There are times when I don't want my marriage.
I don't know if you're allowed to really admit to that, but there it is. There are days when Anthony and I feel like overworked oxen moving in our daily treads, chastely kissing hello/goodbye, a little hug here and there, a discussion of goings on, then lights out. Two moving parts, mostly well-oiled, but still needing some juice, going through our life together day after day after day after day.
My resentment builds cyclically. I feel great for a few weeks. I work hard, I'm all warm and fuzzy about all things Anthony and Jessica, then suddenly I'm at the base of a wall of anger and fear for my future so high I can't see clearly; I feel like I'm under water and life is murky and Anthony. is. the. cause.
If only he'd just take out the trash instead of waiting for me to ask him to do it.
If only Anthony would take initiative with bath time.
If only I could rely on Anthony to something other than just go to work.
If only Anthony would ______. Which then swiftly morphs into, Why doesn't Anthony just _______??
I ranted and raved at myself for an hour the other night with this line of reasoning, then: What am I saying?? Do I not want to be married??
The answer is so simple: Of course I want to be married (and married to Anthony), but I don't want THIS kind of marriage. The marriage of resentment and anger, of general emotional dishonesty.
Admitting that I don't want it is terrifying. It feels oh so close to saying I'm quitting the marriage, but it's the absolute opposite. I'm renewing my vow to the marriage I want. The one where Anthony and I are connected and interested in each other; where there is passion and laughter; a spirit of camaraderie and teamwork.

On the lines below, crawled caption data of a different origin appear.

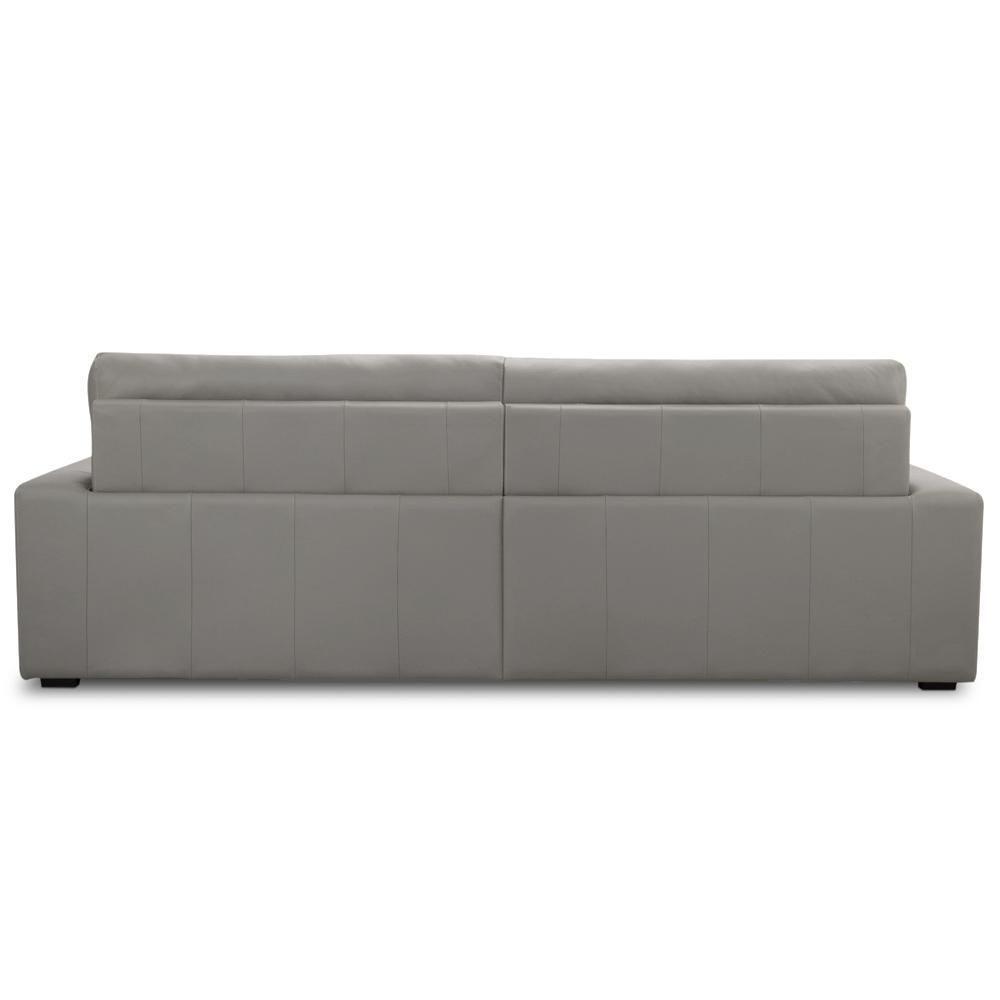 Sofá 3 Lugares Rettrátil Reclinável Elétrico 254cm Mazi L06 Couro Cinza - Lyam Decor - 5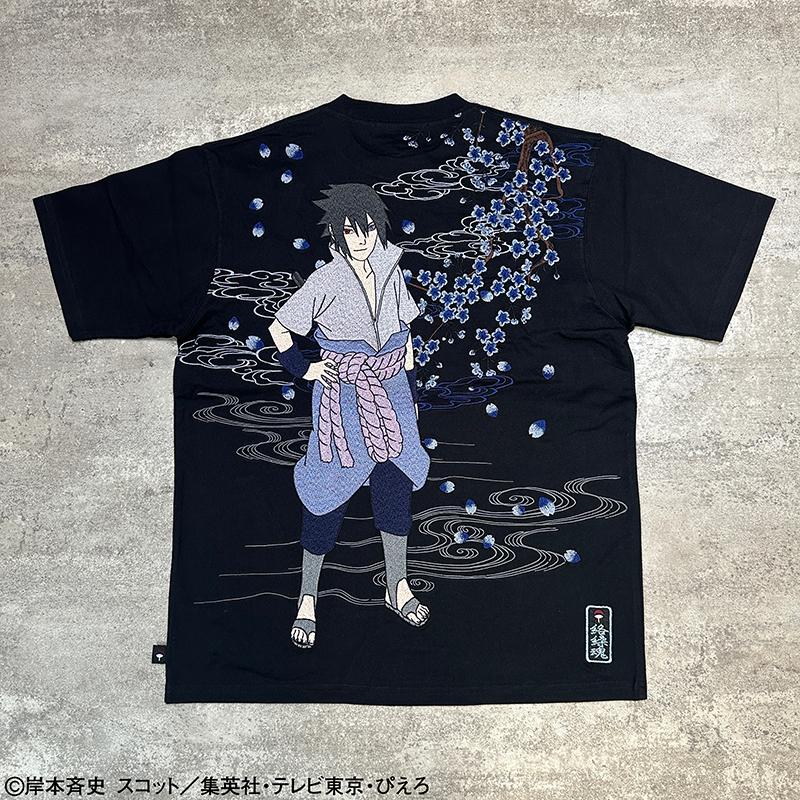 絡繰魂 × NARUTO うちはサスケ 刺繍 半袖 Tシャツ 252016 からくりだ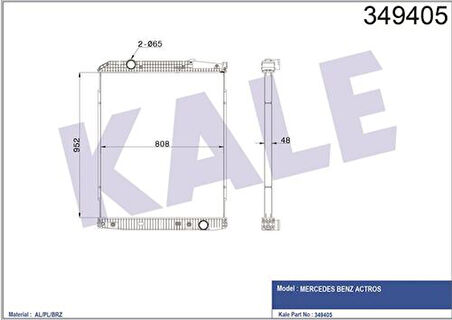 Kale 349405 Su Radyatörü Mercedes Actros (Çerçevesiz) (At) 9425001103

I want a divorce from the bitchy, punitive marriage that sucks my energetic outlook on life right out through my worn down fingertips.
In a world where too many people get married for all the wrong reasons I think Anthony and I were one of the few couples who did it for all the right reasons. We were thoughtful about it, happy to do it, and regarded each other as partners, not "completers." We were already complete human beings. I have always seen Anthony like the sprinkles on a cupcake: not required, but definitely a bonus. And, I think, he feels the same about me.
So, when I start getting pissy about the placement, color, and number of sprinkles on my cupcake I know it's time to slow down and do some digging. I want a good relationship after all, and it's my responsibility to not let it slip into a daily dog fight over who's going to give Hollis a freakin' bath. I have to remain focused on those glorious sprinkles and how much they add to my life and ask myself, What's really going on here?
Anthony proves to me each time we come to this kind of impasse why I married him. Inevitably we come to a conclusion, a place of utter harmony of spirits, and I melt into him, his strength, his sensitivity, his raging intelligence. When I see his commitment to me and to a better marriage it invigorates me to continue to believe in it, in ours.
In the end, it has very little to do with what Anthony does or doesn't do with the trash or a dirty baby. It has everything to do with how I communicate my feelings and how they are received and reciprocated. True to the typical gender stereotypes, I'm the one sending out the vibes and Anthony is the receiver. I wonder how it'd be if he was the one always saying, "Jess, so I've been thinking..." I'm shocked he doesn't just put a pillow over his head whenever those words leave my mouth. But again, he never does, and it's why I continue to risk putting my feelings out there in the first place.
After this small revolution of heart I'm not afraid to admit that I don't want my marriage when it feels like a whole lot of crap. I'm not saying I'm going to give up on it whenever it does feel that way. I'm saying I'm going to slap myself back to reality and out of wallowing in my pitiless misery; to incite myself to find new ways out of it; to dig, claw, cry, and fight back to my sunny spot in the mythical flowered meadow of marital bliss that I truly believe in. - And it's worth noting, it's a mythical place only if you think it never rains.
So, hear me now, Universe: I want a robust, complicated, rich, visceral, love- and laughter-encrusted life of commitment that is a Marriage and I most definitely, definitely, want it with Anthony. I want a Marriage born of strength and honesty, of love and laughter. To this Marriage I say, I love you and will always be here for you. And to Anthony I say, I am yours forever and always... you never have to wonder.